BD: This is a tremendous honor for you and for Chile. What is the takeaway from this and what are your immediate and future plans?
GO: For me, one of the most important things that I take with me, is to see that everybody in the world can relate to the story, and share the same rejection towards exile and breaking families apart. That this is something terrible, and we as human beings must do what we can to make sure it never happens again. So I like to think that I am using this amazing opportunity to share this message with the world, about the importance of being together, and never being separated by force. It’s really for me an honor to be representing Chile with a story that is part of our country, of our idiosyncrasy and a story that represents many families, not only in Chile but in Latin America and in the world.
Konstantin Bronzit on We Can’t Live Without Cosmos
BD: What was the inspiration for your short and your thoughts on friendship and space exploration?
Konstantin Bronzit: To speak the truth, I don’t like the word “inspiration.” I just feel something inside of me, which starts disturbing me by days and by nights. These are thoughts. About something, from what gradually the film will be born. It is usual way. But this time most strange thing happened to me. One day early morning I dreamed some image. We can realise that a lot of stupid stuff can dream in our heads. It doesn’t mean anything. But this time I waked up and immediately start thinking about image and in 5 minutes all finished story was unfold from this image to the start and to the end.
This image exists in my film almost in the very middle. Without it this film could be born. (I always prefer not to say what that image is) Really I never beleived in such a kind of stories and looked at them like special tales for press and public but I didn’t beleive till the moment it happened to me. And it has nothing to do with the old Soviet Union as it seems to me. But, of course, I am the old Soviet Union’s boy.I cannot probably to get rid of this feeling.

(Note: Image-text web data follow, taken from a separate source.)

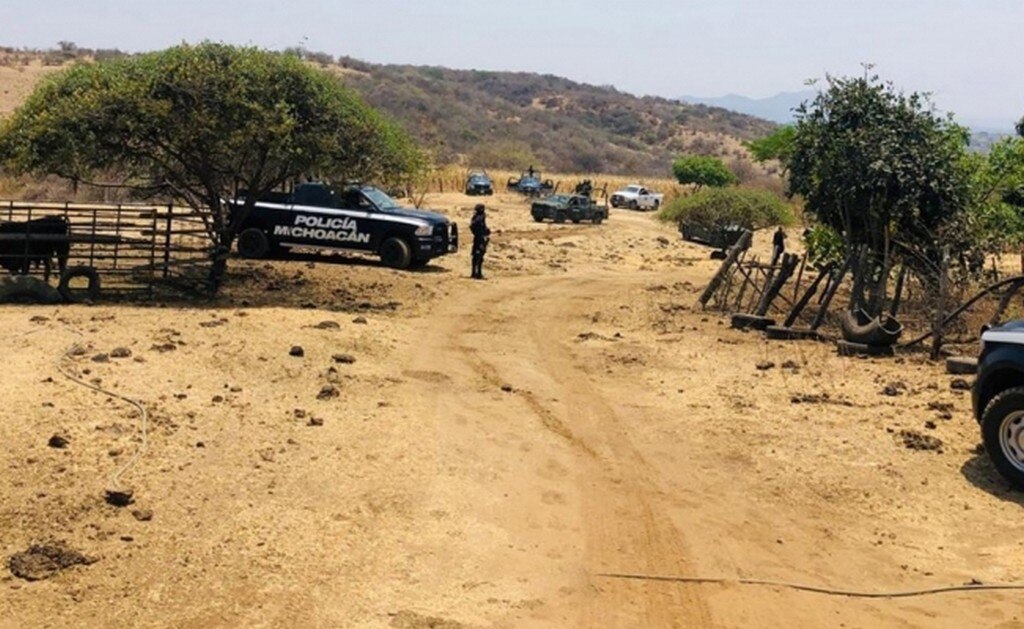 Por crimen organizado, dos comunidades se convierten en pueblos fantasmas en Michoacán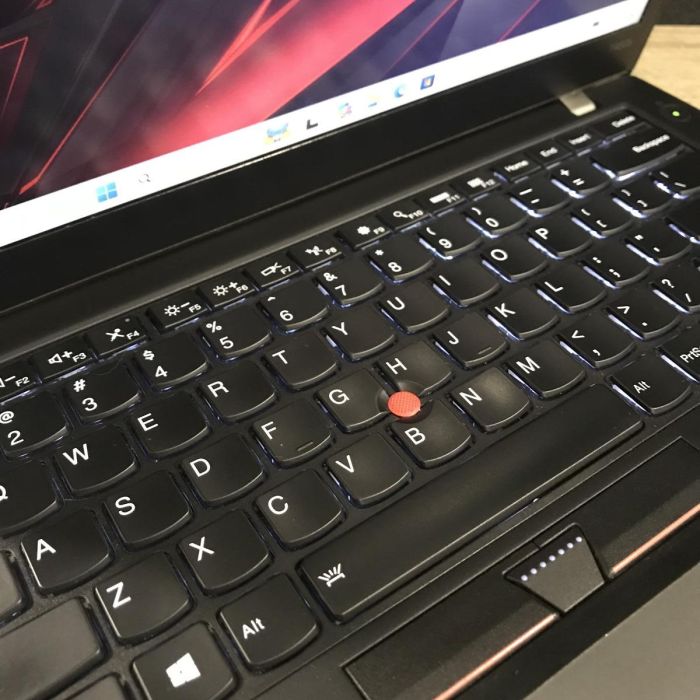 Ноутбук Lenovo ThinkPad T460s i5-6300U/8Gb/128SSD/Intel HD Б/В
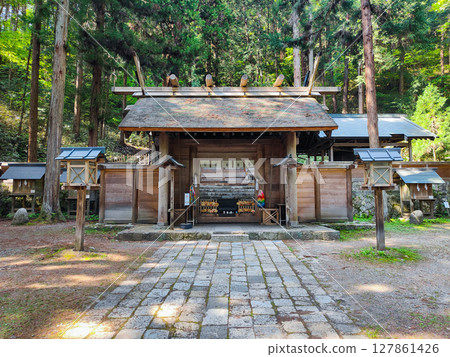 Nishina Shinmei Shrine: Shrine gate and worship hall 127861426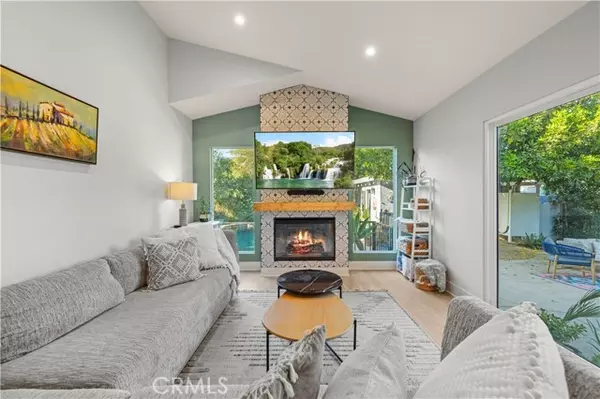 Tarzana (los Angeles), CA 91335,18933 Friar Street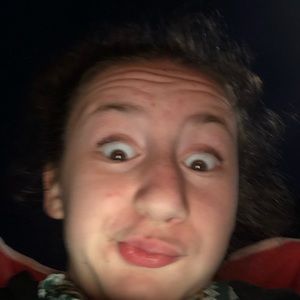 Meet your Posher, Layla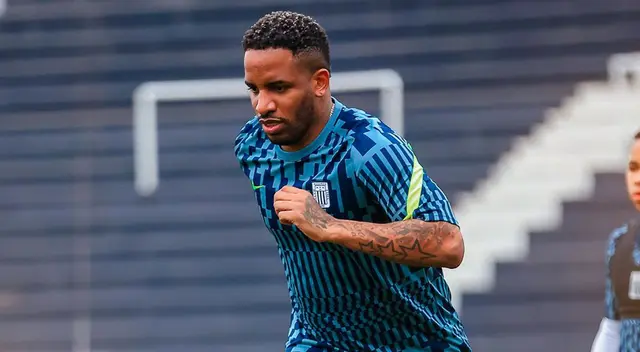 Jefferson Farfán realiza trabajos de calentamiento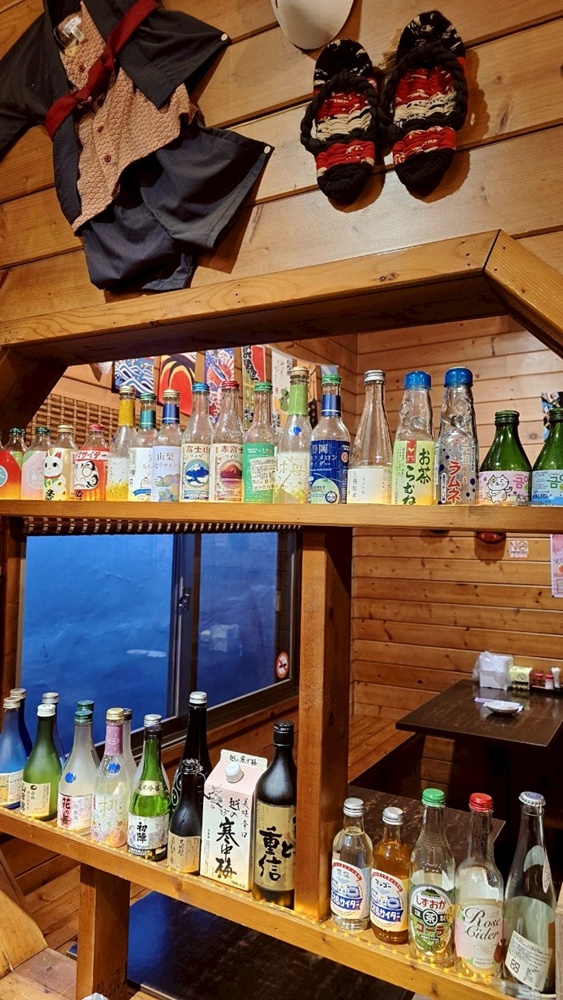 在地達人帶路!春花炭火串燒,日式氛圍,明太子串燒、嫩肩牛排,晚餐小酌的好去處!!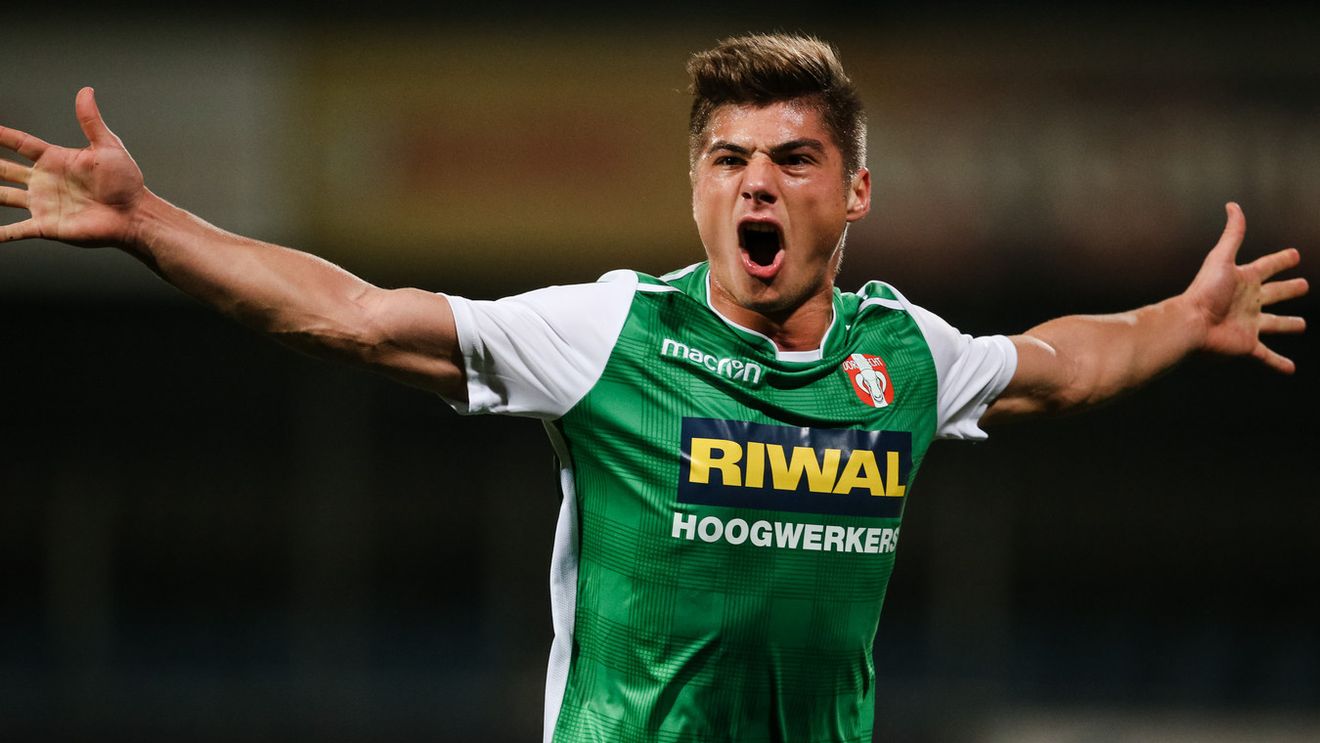 INTERVIU | Andreas Calcan, jucătorul român pe care se bat echipele din Eredivisie: "Vreau să joc, nu vreau să merg la Ajax să stau pe bancă". Un apel primit de la George Ogăraru i-a schimbat viața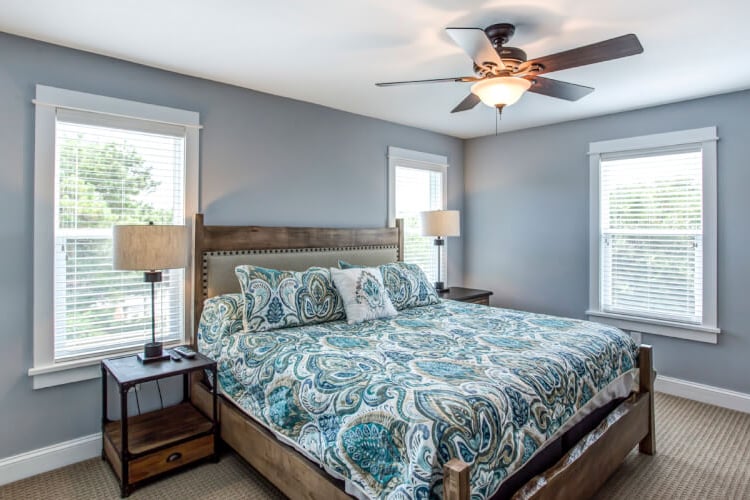 1st Floor King with Private Bath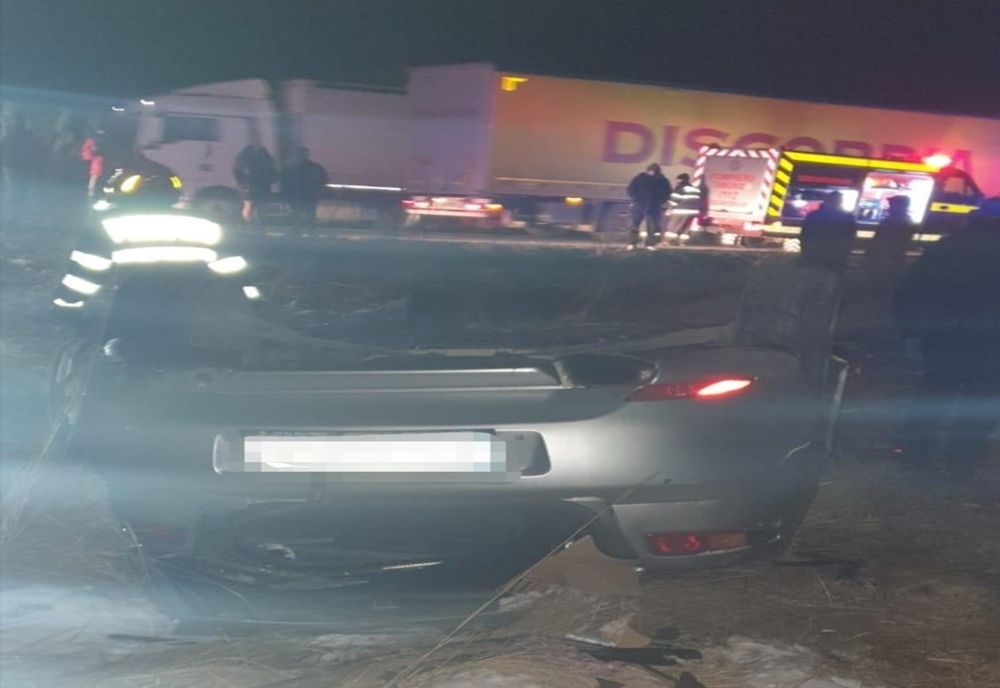 Accident mortal în județul Caraș-Severin, după ce o mașină s-a răsturnat într-un sens giratoriu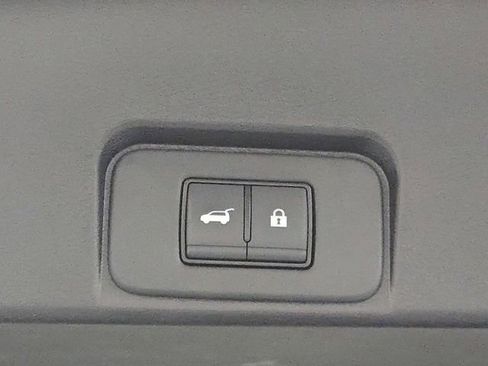 Used 2024 Nissan Rogue SV image 31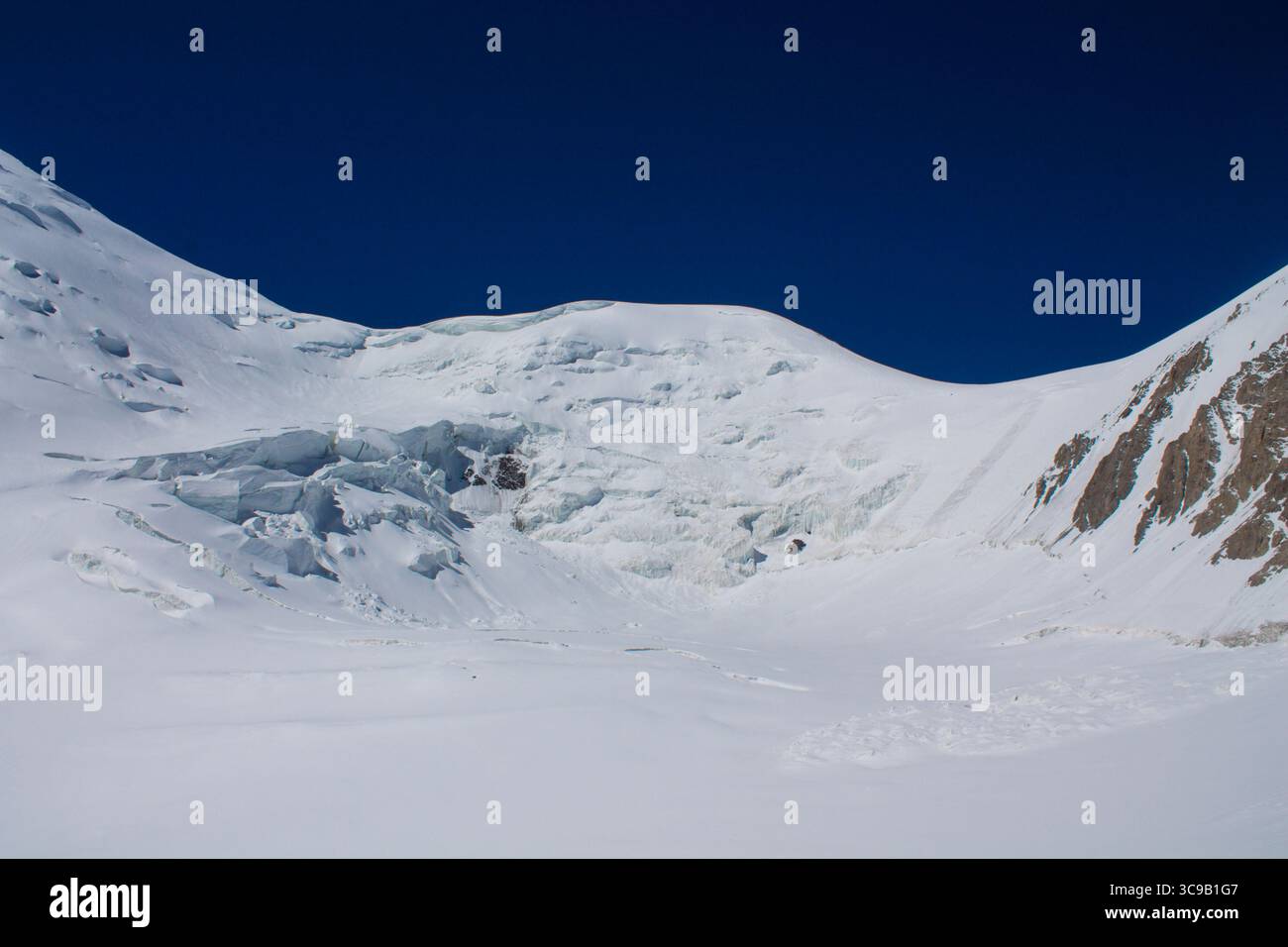 Montagnes enneigées autour de Lenin Peak ou Ibn Sina Avicenna Peak, paysage de haute altitude, chaîne du Pamir, terrain accidenté, vue sur le glacier, climat froid Banque D'Images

BD: What was it like making the short in terms of design and animation?
KB: As a rule in my films I was making all art design work myself. But this time I felt that I need other artist. It’s difficult to explain why. I just felt that if I will try to do it myself again (and I tried for a moment) the noses of people will be the same like in my previous film. And immediately I thought about one of me very well known artist Roman Sokolov, who is a comic book artist. The most difficult thing was to persuade him to work with just because he was very busy at that moment. But the design of this film is far away from real simplicity, which I had made in my previous film, Lavatory – Lovestory (Oscar-nominated in 2009). In that film almost there was no color and it was drawn just by black and white line like a simple cartoon for a newspaper.
BD: What was the biggest challenge?
KB: To find the most precise construction of the story. Its composition – the way how it will be told step by step before audience. It took three years of making it for me. Totally, I spent 4-5 years of my life for production of this 15-minute film. I am a very slow thinking, stupid guy, you know.